From the entries below, please output exactly the lines starting at the one containing "Couleuvre à collier" and ending at the one containing "Snorkeling di Pulau", both included.
---+---
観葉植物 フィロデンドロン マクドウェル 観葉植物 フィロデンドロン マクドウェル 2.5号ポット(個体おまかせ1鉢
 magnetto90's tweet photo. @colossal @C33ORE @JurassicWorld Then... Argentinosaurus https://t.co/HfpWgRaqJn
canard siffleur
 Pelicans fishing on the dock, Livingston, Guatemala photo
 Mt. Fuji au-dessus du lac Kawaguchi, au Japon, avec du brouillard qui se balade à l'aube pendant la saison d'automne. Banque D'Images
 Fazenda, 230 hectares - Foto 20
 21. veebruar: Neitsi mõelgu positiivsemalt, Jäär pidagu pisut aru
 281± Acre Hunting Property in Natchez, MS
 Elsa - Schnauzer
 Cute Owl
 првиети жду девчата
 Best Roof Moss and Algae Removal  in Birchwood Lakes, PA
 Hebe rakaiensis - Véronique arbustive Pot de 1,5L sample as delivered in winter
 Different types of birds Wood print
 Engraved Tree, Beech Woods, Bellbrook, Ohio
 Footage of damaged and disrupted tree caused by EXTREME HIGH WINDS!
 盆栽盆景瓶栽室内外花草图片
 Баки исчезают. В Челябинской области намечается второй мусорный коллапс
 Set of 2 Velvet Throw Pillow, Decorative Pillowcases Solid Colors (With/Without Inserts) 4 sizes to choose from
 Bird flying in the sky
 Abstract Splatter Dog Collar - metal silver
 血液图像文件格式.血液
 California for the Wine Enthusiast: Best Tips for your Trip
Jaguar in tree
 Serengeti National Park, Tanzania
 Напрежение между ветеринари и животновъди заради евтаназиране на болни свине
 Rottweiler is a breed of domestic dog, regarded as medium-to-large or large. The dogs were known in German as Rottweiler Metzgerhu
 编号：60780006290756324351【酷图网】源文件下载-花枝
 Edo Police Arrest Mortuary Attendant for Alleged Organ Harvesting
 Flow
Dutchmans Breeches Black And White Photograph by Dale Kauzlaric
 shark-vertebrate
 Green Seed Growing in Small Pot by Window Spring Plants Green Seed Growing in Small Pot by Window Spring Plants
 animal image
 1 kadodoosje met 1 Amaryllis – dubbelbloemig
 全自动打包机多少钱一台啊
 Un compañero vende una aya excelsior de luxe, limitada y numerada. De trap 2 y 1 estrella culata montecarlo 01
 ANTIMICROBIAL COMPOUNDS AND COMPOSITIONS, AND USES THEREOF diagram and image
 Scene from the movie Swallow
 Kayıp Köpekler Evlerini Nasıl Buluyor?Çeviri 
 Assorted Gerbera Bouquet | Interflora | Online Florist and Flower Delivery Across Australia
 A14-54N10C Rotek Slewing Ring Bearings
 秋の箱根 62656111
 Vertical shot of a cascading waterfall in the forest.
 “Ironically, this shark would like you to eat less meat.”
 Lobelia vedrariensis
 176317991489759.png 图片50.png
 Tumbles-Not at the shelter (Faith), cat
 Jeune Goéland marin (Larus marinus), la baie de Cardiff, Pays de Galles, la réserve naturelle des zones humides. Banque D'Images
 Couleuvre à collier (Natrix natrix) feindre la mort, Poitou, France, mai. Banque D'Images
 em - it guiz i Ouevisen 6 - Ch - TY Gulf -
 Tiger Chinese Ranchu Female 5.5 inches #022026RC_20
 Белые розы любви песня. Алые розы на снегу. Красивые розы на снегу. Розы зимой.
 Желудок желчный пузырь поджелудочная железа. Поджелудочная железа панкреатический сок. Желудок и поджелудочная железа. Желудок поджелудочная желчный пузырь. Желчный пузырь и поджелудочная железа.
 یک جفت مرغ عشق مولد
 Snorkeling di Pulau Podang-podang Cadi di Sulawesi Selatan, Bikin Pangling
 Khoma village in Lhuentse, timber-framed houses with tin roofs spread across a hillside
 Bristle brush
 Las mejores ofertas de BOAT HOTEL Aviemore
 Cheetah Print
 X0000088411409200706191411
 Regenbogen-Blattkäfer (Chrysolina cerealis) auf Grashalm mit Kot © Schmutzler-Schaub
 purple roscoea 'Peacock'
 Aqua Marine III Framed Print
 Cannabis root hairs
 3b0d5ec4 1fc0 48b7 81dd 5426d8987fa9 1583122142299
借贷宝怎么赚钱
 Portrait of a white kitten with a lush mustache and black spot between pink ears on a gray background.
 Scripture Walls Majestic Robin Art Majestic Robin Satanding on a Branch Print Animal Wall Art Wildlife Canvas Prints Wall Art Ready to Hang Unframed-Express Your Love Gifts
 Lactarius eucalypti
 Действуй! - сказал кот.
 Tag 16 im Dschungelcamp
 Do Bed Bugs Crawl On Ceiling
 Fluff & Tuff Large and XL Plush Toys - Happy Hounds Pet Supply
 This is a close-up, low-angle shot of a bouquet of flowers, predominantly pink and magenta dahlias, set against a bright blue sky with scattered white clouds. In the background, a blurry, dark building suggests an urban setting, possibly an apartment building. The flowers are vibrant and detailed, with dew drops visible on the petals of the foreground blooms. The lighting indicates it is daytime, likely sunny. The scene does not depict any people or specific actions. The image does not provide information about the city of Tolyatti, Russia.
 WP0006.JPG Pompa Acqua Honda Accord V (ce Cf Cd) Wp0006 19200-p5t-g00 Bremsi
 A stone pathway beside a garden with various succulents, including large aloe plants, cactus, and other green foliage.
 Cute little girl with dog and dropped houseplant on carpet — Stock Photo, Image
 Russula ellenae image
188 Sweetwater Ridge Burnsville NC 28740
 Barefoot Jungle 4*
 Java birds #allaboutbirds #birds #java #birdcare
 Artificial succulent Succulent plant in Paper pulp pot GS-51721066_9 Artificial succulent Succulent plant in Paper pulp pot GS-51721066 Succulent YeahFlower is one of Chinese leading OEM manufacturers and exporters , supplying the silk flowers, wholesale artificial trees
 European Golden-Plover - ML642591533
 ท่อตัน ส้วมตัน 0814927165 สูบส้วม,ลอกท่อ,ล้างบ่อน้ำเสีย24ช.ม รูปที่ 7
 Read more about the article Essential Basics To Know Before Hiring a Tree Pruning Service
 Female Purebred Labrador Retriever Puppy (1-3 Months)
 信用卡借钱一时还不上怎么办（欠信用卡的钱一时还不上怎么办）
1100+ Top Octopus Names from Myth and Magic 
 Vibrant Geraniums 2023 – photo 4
---+---
SOLUTION TO THE PROBLEM.
 Couleuvre à collier (Natrix natrix) feindre la mort, Poitou, France, mai. Banque D'Images
 em - it guiz i Ouevisen 6 - Ch - TY Gulf -
 Tiger Chinese Ranchu Female 5.5 inches #022026RC_20
 Белые розы любви песня. Алые розы на снегу. Красивые розы на снегу. Розы зимой.
 Желудок желчный пузырь поджелудочная железа. Поджелудочная железа панкреатический сок. Желудок и поджелудочная железа. Желудок поджелудочная желчный пузырь. Желчный пузырь и поджелудочная железа.
 یک جفت مرغ عشق مولد
 Snorkeling di Pulau Podang-podang Cadi di Sulawesi Selatan, Bikin Pangling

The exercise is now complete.